Разрешение Паскевича с письмом Николая Раевского и советом поспешить было получено только 10 июня. На следующий день Пушкин верхом в сопровождении слуги, скоро безнадежно отставшего и попросившего отдыха, помчался по маршруту Тифлис — Котанлы. Именно помчался, потому что, меняя лошадей на казачьих постах, он в 1-й день преодолел 72 версты, во 2-й — 77, 3-й — 94, 4-й — 46. Если приплюсовать к этому еще 36 верст, пройденных походным порядком с корпусом, то получится примерно 320 верст (или 340 км) за четверо суток! Приводя эти данные, бывший кадровый кавалерист, автор монографии о закавказском путешествии Пушкина, Н. А. Раевский пишет: «Кто ездил верхом, тот знает, что и для втянутого ездока — это испытание нелегкое. Пушкин, штатский человек, проживший притом всю жизнь в городе и, насколько мы знаем в манеже в это время не ездивший, должен был обладать исключительной выносливостью».

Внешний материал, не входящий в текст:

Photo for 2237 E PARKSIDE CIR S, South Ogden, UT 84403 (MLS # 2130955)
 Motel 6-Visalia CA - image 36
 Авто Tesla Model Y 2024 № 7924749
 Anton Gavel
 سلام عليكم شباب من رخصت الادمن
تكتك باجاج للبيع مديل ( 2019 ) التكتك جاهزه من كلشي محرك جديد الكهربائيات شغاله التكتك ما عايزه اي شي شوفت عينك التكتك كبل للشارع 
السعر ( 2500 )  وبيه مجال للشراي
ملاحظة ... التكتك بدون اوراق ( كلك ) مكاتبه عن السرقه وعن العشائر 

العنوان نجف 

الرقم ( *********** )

13 июня 1829 г. цель путешествия была достигнута — поэт оказался в военном лагере, у палатки, занятой его братом Львом (вместе с М. В. Юзефовичем). Едва ли не первые его слова, обращенные к декабристу, брату лицейского друга, были: «Ну, скажи, Пущин: где турки и увижу ли я их; я говорю о тех турках, которые бросаются с криком и оружием в руках. Дай мне, пожалуйста, видеть то, зачем сюда с такими препятствиями приехал».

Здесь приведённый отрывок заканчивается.